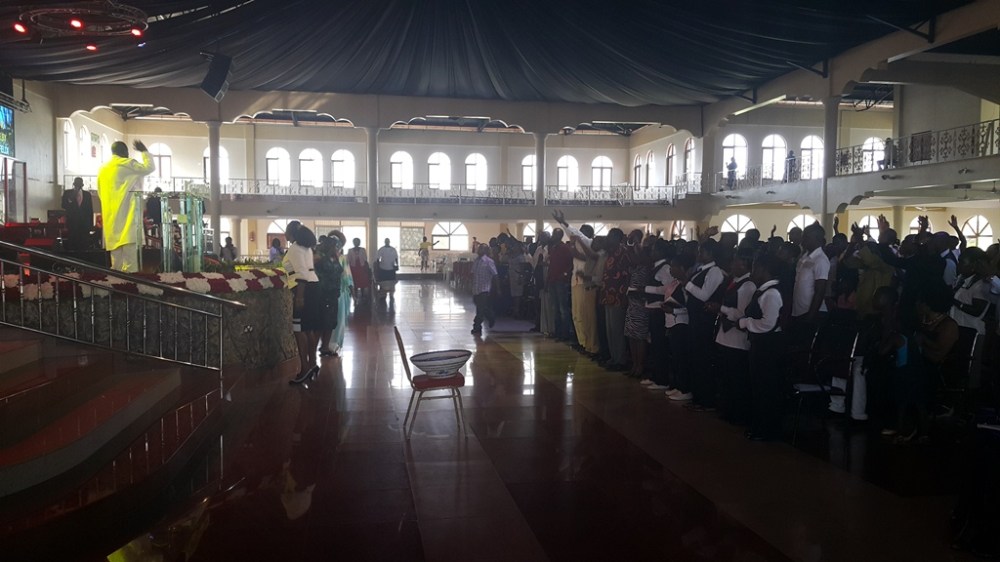 Kivumbi Eanest Benjamin wih Prophet Felix Omondi at Ps Imleda Numutebi Liberty Worship Centre (38)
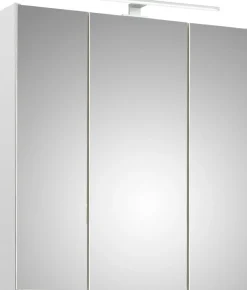 Saphir Badmöbel-Set »Quickset 4-teilig, Waschbeckenunterschrank mit LED-Spiegelschrank« 8 Stk. tlg.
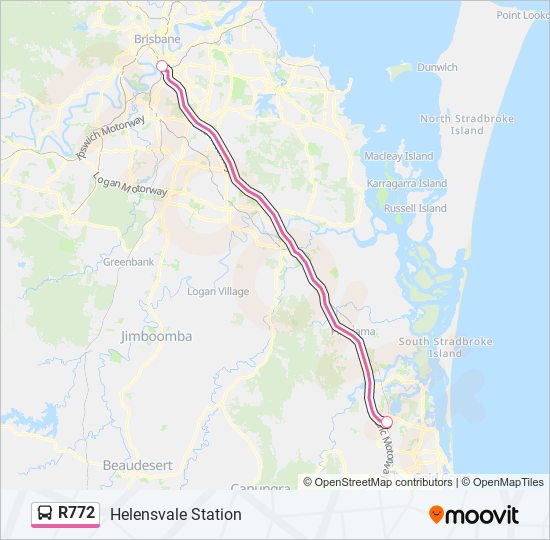 R772 bus Line Map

□ □ □ □

TASK –
The lines from the one with "8 Stk. tlg." to the end of the data above should be retyped exactly, both ends included, and pictures are to be left out.

ANSWER SPACE –
 Saphir Badmöbel-Set »Quickset 4-teilig, Waschbeckenunterschrank mit LED-Spiegelschrank« 8 Stk. tlg.
 R772 bus Line Map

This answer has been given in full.